Sous sa conduite tutélaire, les Martiniquais ont conquis une dignité d’hommes capables de s’assumer et de gérer les affaires du pays Martinique. (…)
La voie de l’assimilation…
La génération suivante s’est trouvée devant deux alternatives : poursuivre sur la voie tracée par Césaire ou, au contraire, répondre au fort désir de mieux-être revendiqué par la majorité de la population, en réclamant un renforcement de l’assimilation. C’est ce deuxième choix qui a été retenu et les élus de gauche, comme de droite,ont mené vigoureusement bataille pour obtenir l’égalité sociale avec les Français de l’Hexagone.

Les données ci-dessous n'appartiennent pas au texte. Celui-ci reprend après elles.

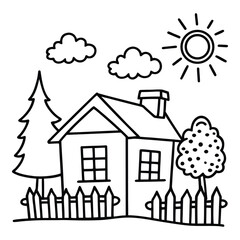 Charming colorful line art illustration of a happy house with a vibrant garden perfect for children s projects and designs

C’était le choix de l’assimilation et donc de la distanciation d’avec nos voisins des pays de la Caraïbe. Ce choix n’était pas unanime au sein de cette génération.
En témoigne le combat mené par les jeunes de l’Organisation de la Jeunesse Anticolonialiste de la Martinique (OJAM) au début des années 1960. Ces jeunes, au nombre desquels il y avait plusieurs adhérents du Parti Communiste, avaient entrepris de mobiliser l’ensemble de la population martiniquaise sur le slogan « la Martinique aux Martiniquais ». Ils se sont heurtés d’emblée à une violente hostilité des élus de droite et à la passivité des élus de gauche. Ils ont perdu le combat et nombre d’entre eux ont été emprisonnés à Fort-de-France, transférés en catimini à Paris (prison de la Santé) puis à la prison de Fresnes où ils bénéficiaient d’un statut de prisonniers politiques obtenu grâce à la combativité de leurs avocats. C’est dans cette prison de Fresnes que Victor Lessort a créé le drapeau Rouge Noir Vert avec le concours de Rodolphe Desiré. (…) Les enfants de la génération Césaire ont,dans les faits, opté pour un recul de responsabilité, pour une plus grande insertion dans l’Europe au détriment d’une coopération caribéenne.
Il manque une disposition essentielle
Pourtant, une autre alternative, véritable voie de responsabilité et de construction caribéenne existait. Elle était plaidée à l’Assemblée Nationale, malheureusement portée par une seule voix, une voix dissidente au sein de la représentation parlementaire de la Martinique. Elle n’a donc pas pu prospérer.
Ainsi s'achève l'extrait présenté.